Luis de la Cerda y de la Vega, 5th Count of Medinaceli (c. 1442 – Écija, 25 November 1501) was a Spanish aristocrat who was created 1st Duke of Medinaceli in 1479. He was also a patron of Christopher Columbus.

==Biography==
He was born into the family of a wealthy Andalusian landowner, Gaston de la Cerda y Sarmiento, 4th Count of Medinaceli (1414-1454), and Leonora de la Vega y Mendoza, Señora of Cogolludo and daughter of Íñigo López de Mendoza, 1st Marquis of Santillana. He was therefore a member of the powerful House of Mendoza.

=== 1st Duke of Medinaceli ===
On 10 June 1454, after the death of his father, Luis de la Cerda inherited the title of 5th Count of Medinaceli. In 1479, Queen Isabella the Catholic of Castile granted him the title of 1st Duke of Medinaceli. He took part in the wars against Portugal and the Emirate of Granada.

=== Personal life ===
The Duke of Medinaceli spent his life away from the royal court, on his estates. In the capital of his domains, Cogolludo, he built the Palace of the Dukes of Medinaceli, one of the first Renaissance palazzos in Spain. While residing in his new palace, he appointed the nobleman Diego López de Medrano (†1482) of the powerful House of Medrano in Soria as alcaide (governor) of his former residence, the Castle of Medinaceli.

=== Patron of Christopher Columbus ===
He was in regular correspondence with his uncle, Cardinal Mendoza, and with Queen Isabella of Castile. In one of his letters to Mendoza, he writes:

 Sir, I do not know if Your Eminence knows that I kept in my house for a long time Cristóbal Colomo, who had arrived from Portugal and was going to France with the intention of finding funds and patrons to search for the Indies… He lived in my house for two years.

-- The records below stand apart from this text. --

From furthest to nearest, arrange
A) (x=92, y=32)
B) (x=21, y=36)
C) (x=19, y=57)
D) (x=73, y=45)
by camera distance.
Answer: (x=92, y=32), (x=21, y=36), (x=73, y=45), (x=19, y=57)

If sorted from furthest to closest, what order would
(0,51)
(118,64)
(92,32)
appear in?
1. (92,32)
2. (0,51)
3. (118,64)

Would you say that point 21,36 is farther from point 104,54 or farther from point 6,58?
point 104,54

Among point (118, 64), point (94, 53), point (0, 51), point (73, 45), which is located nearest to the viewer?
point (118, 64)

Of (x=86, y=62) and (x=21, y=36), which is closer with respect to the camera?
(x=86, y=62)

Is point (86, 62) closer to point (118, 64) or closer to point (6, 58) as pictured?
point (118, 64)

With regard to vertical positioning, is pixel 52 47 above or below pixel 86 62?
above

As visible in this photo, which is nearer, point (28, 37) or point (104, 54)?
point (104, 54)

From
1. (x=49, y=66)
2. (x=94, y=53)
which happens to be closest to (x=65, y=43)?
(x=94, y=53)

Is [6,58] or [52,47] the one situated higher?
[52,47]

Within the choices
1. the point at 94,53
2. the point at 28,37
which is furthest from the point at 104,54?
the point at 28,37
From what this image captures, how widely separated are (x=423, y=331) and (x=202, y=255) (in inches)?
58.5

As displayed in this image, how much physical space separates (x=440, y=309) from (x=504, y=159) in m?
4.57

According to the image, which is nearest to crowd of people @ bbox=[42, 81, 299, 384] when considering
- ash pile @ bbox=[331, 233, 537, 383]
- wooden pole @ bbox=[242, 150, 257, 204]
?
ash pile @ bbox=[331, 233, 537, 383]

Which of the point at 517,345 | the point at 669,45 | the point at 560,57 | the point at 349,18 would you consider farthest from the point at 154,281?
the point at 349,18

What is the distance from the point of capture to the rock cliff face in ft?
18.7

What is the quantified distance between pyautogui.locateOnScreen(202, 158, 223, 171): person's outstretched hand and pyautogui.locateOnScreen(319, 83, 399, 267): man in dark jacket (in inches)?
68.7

The Duke of Medinaceli became interested in the project of Columbus, who lived in poverty at the time, and provided him with financial support. Since his own fleet was not sufficient for a large-scale expedition, the Duke brought the navigator together with Cardinal Mendoza and Queen Isabella, thus making his contribution to the discovery of America.

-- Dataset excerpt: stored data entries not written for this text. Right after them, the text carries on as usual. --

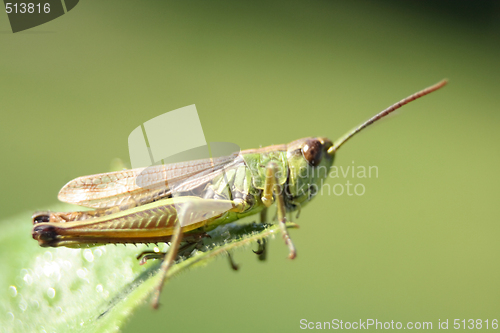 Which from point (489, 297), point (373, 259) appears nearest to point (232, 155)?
point (373, 259)

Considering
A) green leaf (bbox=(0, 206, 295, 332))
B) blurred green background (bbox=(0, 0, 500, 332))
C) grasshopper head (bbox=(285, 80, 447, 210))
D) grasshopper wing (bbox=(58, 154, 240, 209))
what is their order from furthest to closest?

Luis de la Cerda was also one of the first persons that Columbus contacted when he had returned from his first voyage to the Americas.

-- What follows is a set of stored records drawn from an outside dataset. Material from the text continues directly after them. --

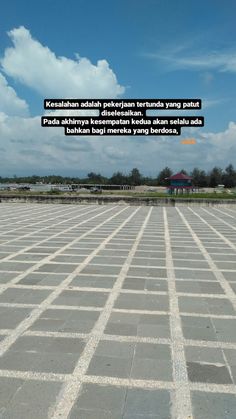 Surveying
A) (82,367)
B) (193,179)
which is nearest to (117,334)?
(82,367)

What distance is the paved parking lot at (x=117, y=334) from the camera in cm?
263

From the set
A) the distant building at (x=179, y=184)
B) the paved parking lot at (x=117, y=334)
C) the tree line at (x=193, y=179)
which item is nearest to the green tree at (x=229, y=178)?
the tree line at (x=193, y=179)

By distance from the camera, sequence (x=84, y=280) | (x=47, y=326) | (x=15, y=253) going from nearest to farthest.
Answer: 1. (x=47, y=326)
2. (x=84, y=280)
3. (x=15, y=253)

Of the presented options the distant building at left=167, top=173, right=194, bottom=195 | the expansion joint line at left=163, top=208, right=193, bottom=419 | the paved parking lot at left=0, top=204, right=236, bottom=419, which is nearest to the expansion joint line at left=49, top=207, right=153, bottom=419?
the paved parking lot at left=0, top=204, right=236, bottom=419

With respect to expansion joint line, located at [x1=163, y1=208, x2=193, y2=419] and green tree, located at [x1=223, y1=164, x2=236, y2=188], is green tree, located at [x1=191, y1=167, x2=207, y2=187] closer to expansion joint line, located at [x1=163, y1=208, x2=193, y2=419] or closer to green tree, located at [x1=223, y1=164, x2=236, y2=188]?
green tree, located at [x1=223, y1=164, x2=236, y2=188]

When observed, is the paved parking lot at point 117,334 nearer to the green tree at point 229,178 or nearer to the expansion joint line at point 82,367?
the expansion joint line at point 82,367

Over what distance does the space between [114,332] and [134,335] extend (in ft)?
0.67

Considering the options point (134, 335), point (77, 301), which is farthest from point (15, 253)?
point (134, 335)

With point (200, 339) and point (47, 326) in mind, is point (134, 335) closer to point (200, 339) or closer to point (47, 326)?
point (200, 339)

=== Marriage and children ===
In 1460, Count Medinaceli entered into his first marriage with Catalina Lasso de Mendoza, Señora Valfermoso de Tajuña. The marriage was childless and was dissolved on 14 December 1472.

==== Anna de Navarra ====
In 1471, Luis de la Cerda married Anna de Navarra (1451-1477), the only (albeit illegitimate) daughter of the late Charles, Prince of Viana. Upon entering into marriage, Count Medinaceli renounced all rights to inherit Navarre, claimed by the Prince of Viana. From his second marriage was born:
- Leonor de la Cerda of Aragon and Navarre (1472-1497), who married in 1493 Rodrigo Díaz de Vivar y Mendoza, 1st Marquis of Cenete, no issue.

==== Catalina de Orejón ====
Since 1485 he lived with his mistress Catalina de Orejón from El Puerto de Santa María. From their relationship he had one son:
- Juan de la Cerda Vique de Orejón (1485-1544)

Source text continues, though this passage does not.